Description of the task:
The lines to reproduce run from the one containing "Mercedes-Benz Třídy E 2" through the final line of the entries; write them out exactly and add nothing.

Dataset excerpts
#####

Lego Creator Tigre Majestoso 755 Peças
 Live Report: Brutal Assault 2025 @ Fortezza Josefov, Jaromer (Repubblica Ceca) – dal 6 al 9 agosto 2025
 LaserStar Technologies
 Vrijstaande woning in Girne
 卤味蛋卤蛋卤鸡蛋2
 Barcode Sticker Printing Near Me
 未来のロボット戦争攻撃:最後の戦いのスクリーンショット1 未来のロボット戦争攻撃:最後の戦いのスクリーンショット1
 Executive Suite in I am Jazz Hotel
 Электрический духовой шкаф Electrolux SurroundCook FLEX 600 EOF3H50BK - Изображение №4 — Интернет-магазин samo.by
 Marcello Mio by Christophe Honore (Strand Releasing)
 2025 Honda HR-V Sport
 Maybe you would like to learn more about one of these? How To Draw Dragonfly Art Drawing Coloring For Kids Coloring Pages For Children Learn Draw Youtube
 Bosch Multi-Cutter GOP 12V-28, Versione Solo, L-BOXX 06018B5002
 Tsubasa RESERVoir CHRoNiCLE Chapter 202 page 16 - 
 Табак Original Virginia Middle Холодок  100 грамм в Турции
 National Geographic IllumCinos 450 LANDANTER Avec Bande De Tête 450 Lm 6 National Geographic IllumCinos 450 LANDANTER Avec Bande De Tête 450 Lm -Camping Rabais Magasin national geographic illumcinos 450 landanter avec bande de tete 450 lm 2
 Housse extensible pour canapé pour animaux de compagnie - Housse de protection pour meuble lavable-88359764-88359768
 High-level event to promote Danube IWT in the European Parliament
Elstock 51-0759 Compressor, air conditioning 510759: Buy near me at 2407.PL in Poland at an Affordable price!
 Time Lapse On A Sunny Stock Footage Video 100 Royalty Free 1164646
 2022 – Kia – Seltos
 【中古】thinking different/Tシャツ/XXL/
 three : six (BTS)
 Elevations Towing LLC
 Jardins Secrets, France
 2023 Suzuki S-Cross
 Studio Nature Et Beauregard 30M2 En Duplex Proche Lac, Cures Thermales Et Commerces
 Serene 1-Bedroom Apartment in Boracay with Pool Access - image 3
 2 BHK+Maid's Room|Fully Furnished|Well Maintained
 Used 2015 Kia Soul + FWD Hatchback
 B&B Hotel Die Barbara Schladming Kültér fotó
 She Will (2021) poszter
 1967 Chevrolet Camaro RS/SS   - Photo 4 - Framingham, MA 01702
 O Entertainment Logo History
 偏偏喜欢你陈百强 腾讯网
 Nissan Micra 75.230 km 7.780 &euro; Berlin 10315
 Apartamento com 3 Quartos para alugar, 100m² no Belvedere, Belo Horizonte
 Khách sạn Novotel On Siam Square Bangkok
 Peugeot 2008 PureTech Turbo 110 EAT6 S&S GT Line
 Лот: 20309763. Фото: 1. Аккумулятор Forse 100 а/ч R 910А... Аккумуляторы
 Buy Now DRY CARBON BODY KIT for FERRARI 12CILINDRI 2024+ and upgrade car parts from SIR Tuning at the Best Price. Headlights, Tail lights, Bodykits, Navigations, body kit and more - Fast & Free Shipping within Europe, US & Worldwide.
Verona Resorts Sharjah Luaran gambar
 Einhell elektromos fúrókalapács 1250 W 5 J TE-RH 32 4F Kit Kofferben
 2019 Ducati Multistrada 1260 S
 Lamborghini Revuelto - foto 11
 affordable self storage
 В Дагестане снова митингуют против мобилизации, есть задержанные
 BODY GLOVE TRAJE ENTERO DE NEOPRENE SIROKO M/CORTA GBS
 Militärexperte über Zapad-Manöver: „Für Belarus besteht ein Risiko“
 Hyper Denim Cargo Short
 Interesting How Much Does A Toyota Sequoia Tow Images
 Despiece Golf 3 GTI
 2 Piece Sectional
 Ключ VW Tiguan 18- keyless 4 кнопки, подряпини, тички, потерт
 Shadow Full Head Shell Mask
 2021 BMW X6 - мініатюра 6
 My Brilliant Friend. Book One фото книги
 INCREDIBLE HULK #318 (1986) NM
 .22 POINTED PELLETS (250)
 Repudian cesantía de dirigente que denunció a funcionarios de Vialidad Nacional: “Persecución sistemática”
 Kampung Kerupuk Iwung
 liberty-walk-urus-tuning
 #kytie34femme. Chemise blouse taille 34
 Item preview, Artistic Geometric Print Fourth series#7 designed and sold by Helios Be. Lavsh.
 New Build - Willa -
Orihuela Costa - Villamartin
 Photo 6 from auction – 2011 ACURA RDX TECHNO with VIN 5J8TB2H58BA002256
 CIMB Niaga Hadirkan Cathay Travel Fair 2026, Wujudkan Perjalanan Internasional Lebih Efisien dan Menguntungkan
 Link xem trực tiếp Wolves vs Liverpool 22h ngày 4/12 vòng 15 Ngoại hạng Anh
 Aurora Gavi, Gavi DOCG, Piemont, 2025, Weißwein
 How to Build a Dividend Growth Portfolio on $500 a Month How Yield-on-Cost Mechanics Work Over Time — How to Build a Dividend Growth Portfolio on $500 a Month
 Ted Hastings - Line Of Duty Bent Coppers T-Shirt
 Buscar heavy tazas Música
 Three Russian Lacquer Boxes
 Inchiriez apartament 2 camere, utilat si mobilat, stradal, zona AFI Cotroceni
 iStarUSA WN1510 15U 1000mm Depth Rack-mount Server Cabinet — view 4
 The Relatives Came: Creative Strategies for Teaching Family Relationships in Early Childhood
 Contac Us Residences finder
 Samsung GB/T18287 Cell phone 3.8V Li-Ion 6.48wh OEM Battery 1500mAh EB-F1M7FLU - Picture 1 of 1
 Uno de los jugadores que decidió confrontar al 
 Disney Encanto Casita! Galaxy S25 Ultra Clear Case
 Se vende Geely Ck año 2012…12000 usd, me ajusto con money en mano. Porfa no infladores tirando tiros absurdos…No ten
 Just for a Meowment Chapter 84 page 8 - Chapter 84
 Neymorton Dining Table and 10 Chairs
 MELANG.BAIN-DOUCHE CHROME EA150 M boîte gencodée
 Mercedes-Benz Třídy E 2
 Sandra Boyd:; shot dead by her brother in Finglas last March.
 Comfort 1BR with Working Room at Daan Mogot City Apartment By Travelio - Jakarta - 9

#####

Answer to this exercise:
 Mercedes-Benz Třídy E 2
 Sandra Boyd:; shot dead by her brother in Finglas last March.
 Comfort 1BR with Working Room at Daan Mogot City Apartment By Travelio - Jakarta - 9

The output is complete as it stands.